Ok, I’ve tried all of the above suggestions on two systems without a change in result; the shader still fails to compile. The cards on each system are: (1) Geforce GTX770, (2) ATI Sapphire X1150. Changing the headers to 130 or 140 just produces a list of further errors about variables being deprecated. Here’s the error from the second system (it happens with both headers GL_EXT and ARB):

WARNING: 0:3: extension 'GL_EXT_draw_instanced' is not supportedERROR: 0:19: 'gl_InstanceID' : requires extension support: GL_EXT_gpu_shader4
ERROR: 0:19: 'gl_InstanceID' : requires extension support: GL_EXT_gpu_shader4
WARNING: 0:19: implicit cast from int to float
WARNING: 0:19: implicit cast from int to float
ERROR: 0:19: 'gl_InstanceID' : requires extension support: GL_EXT_gpu_shader4
WARNING: 0:19: implicit cast from int to float
ERROR: 0:19: 'gl_InstanceID' : requires extension support: GL_EXT_gpu_shader4
ERROR: 0:20: 'gl_InstanceID' : requires extension support: GL_EXT_gpu_shader4
ERROR: 0:20: 'gl_InstanceID' : requires extension support: GL_EXT_gpu_shader4
WARNING: 0:20: implicit cast from int to float
WARNING: 0:20: implicit cast from int to float
ERROR: 0:20: 'gl_InstanceID' : requires extension support: GL_EXT_gpu_shader4
WARNING: 0:20: implicit cast from int to float
ERROR: 0:20: 'gl_InstanceID' : requires extension support: GL_EXT_gpu_shader4
ERROR:  compilation errors.  No code generated.

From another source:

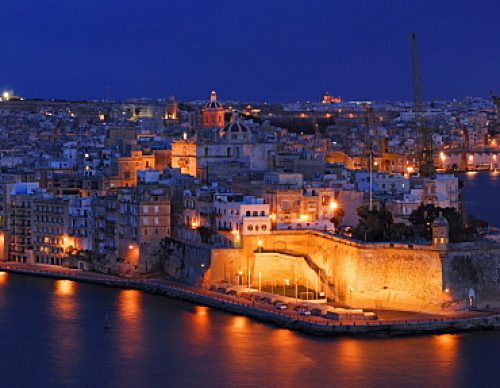The floodlit Fort St. Angelo on the tip of the peninsula Vittoriosa, Birgu, as seen from Valletta across the Grand Harbor at the blue hour after sunset, Malta, Europe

The second card is 6 years old, so that might be the problem in this case.

GTX 770 is a monster, it can’t be that it has no support for instancing, unless my memory is wrong that card is just a few months old.
Maybe if the driver arsks for GL_EXT_gpu_shader4, then that’s the extention that should be enabled? Would you be willing to give it yet another go and add #extension GL_EXT_gpu_shader4 : enable ?

I found the docs here:
www.opengl.org/registry/specs/ARB/draw_instanced.txt
It says ’ EXT_gpu_shader4 or NV_vertex_program4 or OpenGL 3.0 is required.’ so maybe one needs to enable NV_vertex_program4 (if it’s supported)?

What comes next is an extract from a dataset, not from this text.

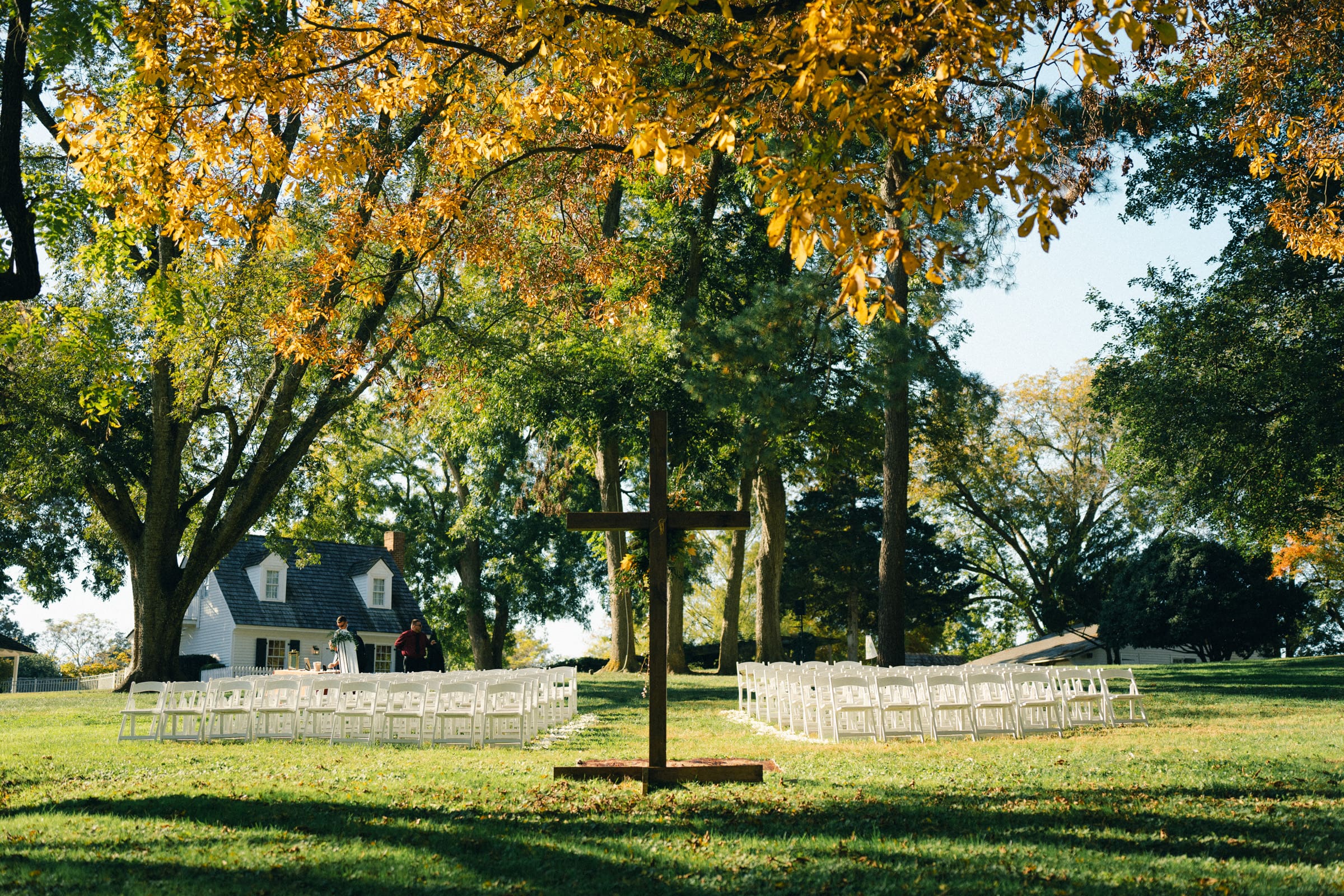 The serene outdoor setting at Rose Hill Estate features white chairs arranged in rows facing a large wooden cross on a lush green lawn. Surrounded by trees with autumn leaves, and with a quaint house in the background, this sunlit scene is perfect for a tranquil wedding ceremony.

My ati card (3000 series) seams happy with ARB_draw_instanced… but maybe the correct way is to use GL_ARB_draw_instanced?

I think I could write some ‘ifdefs’ if I knew what works on nvidia cards …BTW is there a way to ask the driver from python for supported extentions? If a card has no support for instancing then drawing a few sad blades of grass is pointless it’d be best not to draw it at all.

Just to be clear that second error I posted is from the sapphire x1550, the GTX 770 is the first one. Going back to the GTX I did try “#extension GL_EXT_gpu_shader4 : enable” and it gets rid of the original error but then there seems to be a version mismatch occurring. If I use 120 or 130 I get:

:display:gsg:glgsg(error): An error occurred while compiling shader!
0(32) : error C7532: global function texture requires "#version 130" or later

but switching to 140 produces:

:display:gsg:glgsg(error): An error occurred while compiling shader!
0(13) : warning C7555: 'varying' is deprecated, use 'in/out' instead
0(14) : warning C7555: 'varying' is deprecated, use 'in/out' instead
0(18) : error C7533: global variable gl_Vertex is deprecated after version 120
0(19) : error C7533: global variable gl_Color is deprecated after version 120
0(22) : error C7533: global variable gl_ModelViewProjectionMatrix is deprecated
after version 120
0(23) : error C7533: global variable gl_TexCoord is deprecated after version 120
0(23) : error C7533: global variable gl_MultiTexCoord0 is deprecated after version 120
0(25) : error C7533: global variable gl_NormalMatrix is deprecated after version 120
0(25) : error C7533: global variable gl_Normal is deprecated after version 120
0(26) : error C7533: global variable gl_LightSource is deprecated after version
120
0(27) : error C7533: global variable gl_FrontMaterial is deprecated after version 120
0(29) : error C7533: global variable gl_LightModel is deprecated after version 120

Maybe the case is that the shader is incompatible with ver 140 but the GTX won’t accept anything less? I’m fairly sketchy with shaders and then only have experience with Cg. I’d like to try get it working though; I could definitely see myself trying something like this for my own project.